Looks like the answer to my question is contained in the vignettes for future.callr. There is indeed a noticeable delay in future.callr compared to future with plan(multisession). I tried future.callr in my application running in a docker container from Rstudio and it works fine. For some reason, however, the call to knit_it in the example I shared previously consistently fails with future.callr and plan(callr) on our linux server while the same exact code runs fine with plan(multisession). I added the error messages from the logs below but they are uninformative, at least to me. If you have any suggestions on how I might debug this issue please let me know.

https://cran.r-project.org/web/packages/future.callr/vignettes/future.callr.html

"When using callr futures, each future is resolved in a fresh background R session which ends as soon as the value of the future has been collected. In contrast, multisession futures are resolved in background R worker sessions that serve multiple futures over their life spans. The advantage with using a new R process for each future is that it is that the R environment is guaranteed not to be contaminated by previous futures, e.g. memory allocations, finalizers, modified options, and loaded and attached packages.
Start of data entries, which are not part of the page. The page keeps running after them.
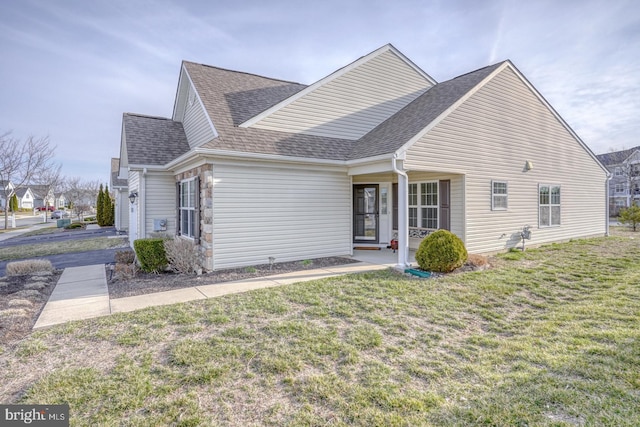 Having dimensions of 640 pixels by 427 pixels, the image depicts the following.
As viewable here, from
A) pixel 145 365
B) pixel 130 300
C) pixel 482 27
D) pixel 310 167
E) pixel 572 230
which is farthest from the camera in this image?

The disadvantage, is an added overhead of launching a new R process. (At the moment, I am neither aware of formal benchmarking of this extra overhead nor of performance comparisons of callr to alternative future backends.)"

  82: stop
  81: <Anonymous>
  80: onFulfilled
  78: onFulfilled
  76: onFulfilled
  74: func
  69: contextFunc
  68: env$runWith
  61: ctx$run
  60: onFulfilled
  59: onFulfilled
  57: onFulfilled
  55: onFulfilled
  54: onFulfilled
  52: onFulfilled
  50: onFulfilled
  49: func
  44: contextFunc
  43: env$runWith
  36: ctx$run
  35: onFulfilled
  34: onFulfilled
  24: f
  23: FUN
  22: lapply
  21: <Anonymous>
From earlier call:
  127: domain$wrapOnFulfilled
  126: promiseDomain$onThen
  125: action
  118: promise
  117: promise$then
  116: then
  115: %...>%
   99: renderPrint
   98: func
   82: origRenderFunc
   81: output$quiz_submit0.01
    1: runApp
vnijs commented 3 years ago

I just upgraded to 0.6.0 of the future.callr package and (1) plan(callr) now works on our Ubuntu 20.04 server and (2) evaluating code seems quite a faster than before. Closing this issue. Thanks again for the excellent future packages!

HenrikBengtsson commented 3 years ago

Thank you and thanks for reporting back. Good to hear it works for you now. FYI, I don't see anything in future.callr 0.5.0 (2019-09-27) -> 0.6.0 (2021-01-02) that would make a difference. I'm quite sure it must have been some other updates or something else that caused it to start working for you.